Mediation & Arbitration
We have a wealth of experience as Charlotte Mediation Lawyers & Arbitration Attorneys and can guide you through the entire separation and divorce process. Feel free to contact us if you have any questions or would like to schedule a consultation. We are happy to provide more details on Mediation & Arbitration below:
- Mediation consists of meeting(s) between the parties, their respective counsel and a trained mediator to discuss and attempt to resolve all issues. In equitable distribution and other family financial case mediation proceedings, each party is typically represented by counsel. This is in contrast to the Child Custody and Visitation Mediation Program wherein only the parties meet with the mediator.

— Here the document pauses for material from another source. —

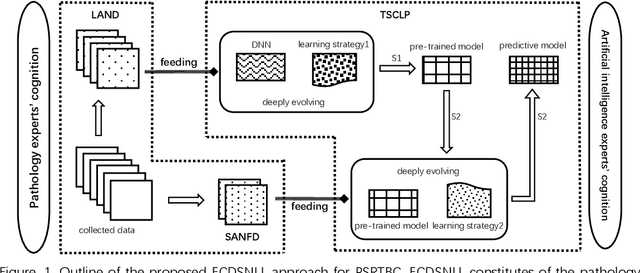 Figure 1 for Experts' cognition-driven safe noisy labels learning for precise segmentation of residual tumor in breast cancer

- In Mediation for Equitable Distribution and other Family Financial Cases, each party generally has a position or opinion as to how the issues should be resolved and the mediator works to facilitate the parties reaching an agreement. The mediator cannot represent either party. An attorney for one of the parties generally drafts the complete settlement documents setting forth the agreement reached in Mediation.

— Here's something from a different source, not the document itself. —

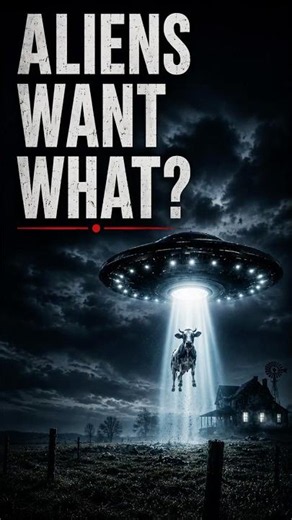 Aliens Want WHAT? UFO/UAP Investigator Rick Warner is on The Media Virus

- Arbitration is a requested and mutually agreed upon meeting wherein each party is represented by an attorney and each attorney presents to the Arbitrator at the Arbitration Hearing his/her client’s case and requests a ruling on the issues at hand. The Arbitrator then makes a decision regarding the issues before him/her. The parties typically agree on who is to be the Arbitrator. The Arbitration may be binding or non-binding.
- N.C.G.S. §50-41 et. seq. is the Family Law Arbitration Act for the state of North Carolina. North Carolina allows, by agreement of the parties, the arbitration of all issues arising out of a marital relationship, except for the divorce itself, but preserves a right of modification based on a substantial change of circumstances on the issues of alimony, child custody and child support. N.C.G.S. §50-41. Unless the parties agree otherwise, a single arbitrator is chosen by the parties to arbitrate all issues in dispute. N.C.G.S. 50-45 (a). The arbitrator may hear and rule with regard to the evidence produced even if one of the duly notified party’s fails to appear. N.C.G.S. 50-47(1).